階段を黙々と登っていた二人は屋上に到達すると、水道タンクの上で待ち構えていた、白い衣装に身を包んだ人物を確認し、口元を緩めた。
ヒュウ――と、風が間を吹き抜けていく。
「ようやく、牢獄に入る決心でもついたのか? コソドロさんよぉ」
江戸川コナンが、額に浮き出て来た汗を服の袖で拭った。そして、ズボンのポケットに手を突っ込む。
「私まで呼び出すなんて、どういう風の吹き回しかしらね……」
灰原哀が、上がった息を整えながら、そっと腕を組んだ。冷淡な視線を投げかける。
「そんなに警戒しないで下さいよ。今日はお二人に大切なお話しがあるのですから」
コソドロと呼ばれた白いショー衣装に身を包んだ人物は、二人の様子に肩をすくめると、軽やかに水道タンクの上から降り立った。白いマントが風に翻る。そして、二人に向かって小さくお辞儀をした。

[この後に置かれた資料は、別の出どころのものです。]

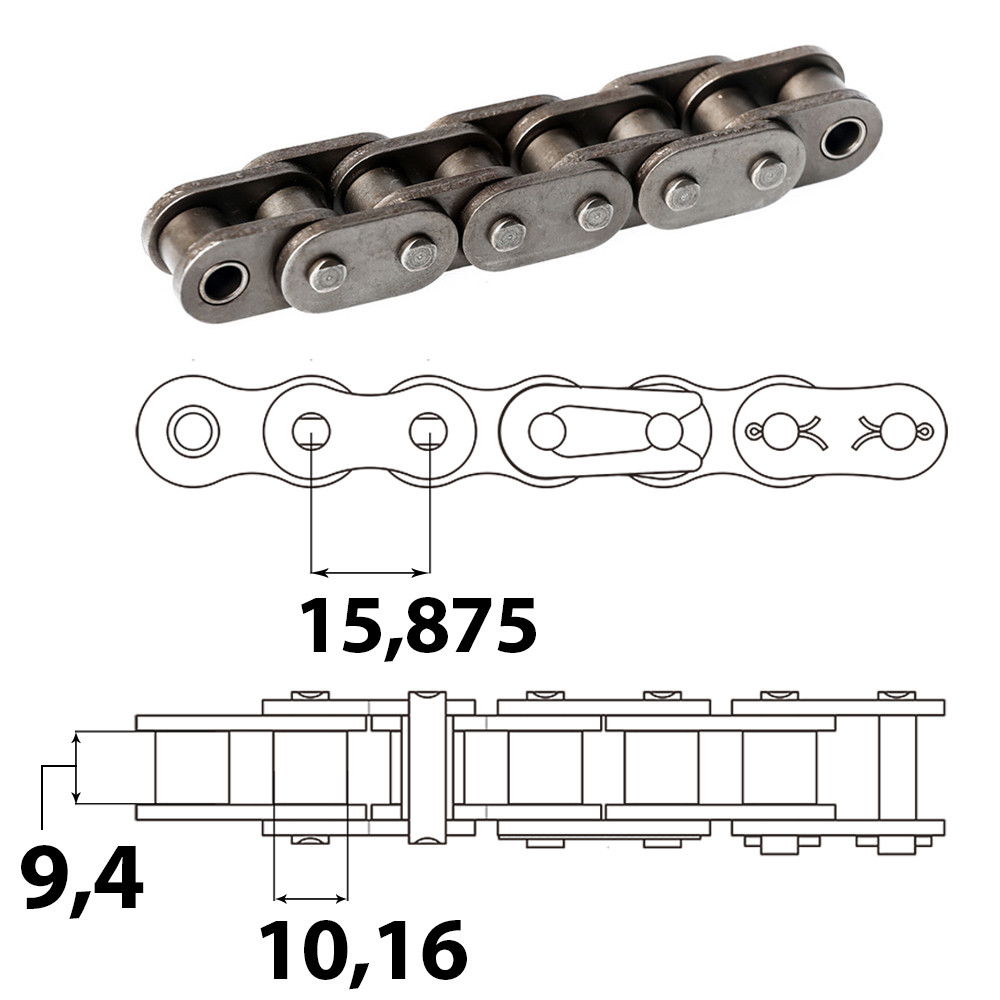 Vision 10A ASA 50 Ipari görgőslánc 15,875 X 9,4 mm (5 m) termék fő termékképe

「はんっ! あいにく、コソドロさん――怪盗キッドとかしこまって話しなんざしたかないね」
「まあまあ、そう言わずに。今から、お話しする事は少なからず、貴方達が喉から手が出る程の情報。聞いて損は有りませんよ」
「情報?」
「えぇ……。黒の組織について」
「!?」
含みを持たせた話し口調から、真面目なトーンになったキッドの口から出た単語に、二人は驚愕した。
黒の組織は、コナン達が追いかけている巨大犯罪組織だ。今まで何度か奴らと接触したことはあったが、最終的には尻尾さえも掴む事が出来ずにいた。
その黒の組織の情報となると……
二人は息を飲んだ。
「おっと、その前に一つだけ条件があります。私を仲間に入れて下さい――」
「は?」
思いも依らない台詞に、二人は呆然と目の前で頭を下げている白き罪人を見つめた。
マントが夜風にたなびく。
「こっちもワケありで、その黒の組織に用があるんだ」
キッドはそれまでのかしこまった口調から、話し方を一変させた。モノクルの奥の眼光が強くなる。

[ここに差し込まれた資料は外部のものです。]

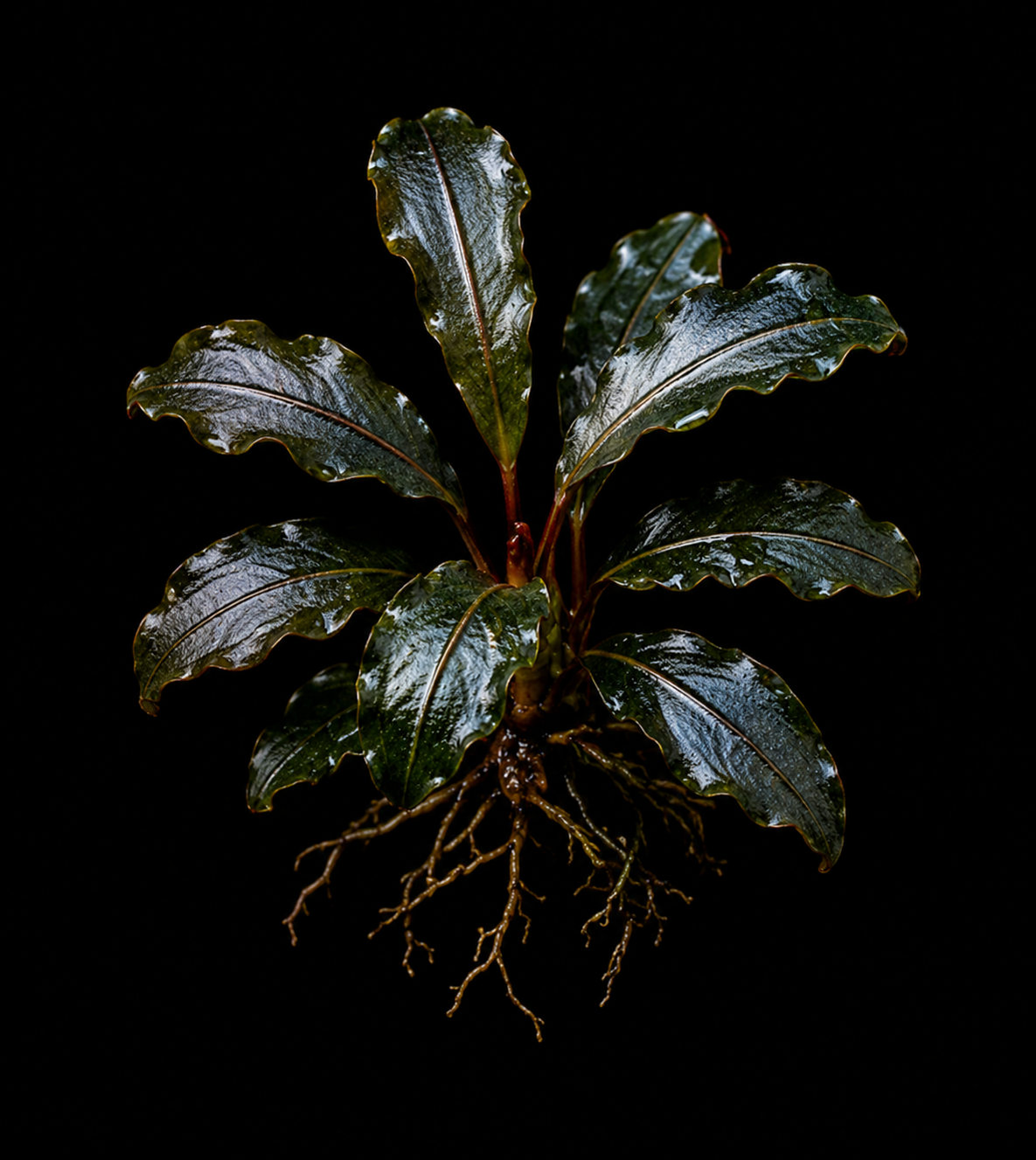 Bucephalandra Long Leaf Phantom full plant on a dark background showing overall habit and foliage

そして、決心したようにそっと深く被っていたシルクハットを取った。
――「俺の名前は黒羽快斗。名探偵と同じ高校生だぜ」――
町の明かりが遠くで舞い踊り、この廃墟ビルの辺りはシンと静まり返っていた。風が三人の間をすり抜けていく。どちらからともなく三人は近寄り、月明かりに照らされてできた影が重なった。
この時から、彼らの運命は、大きく動き出した。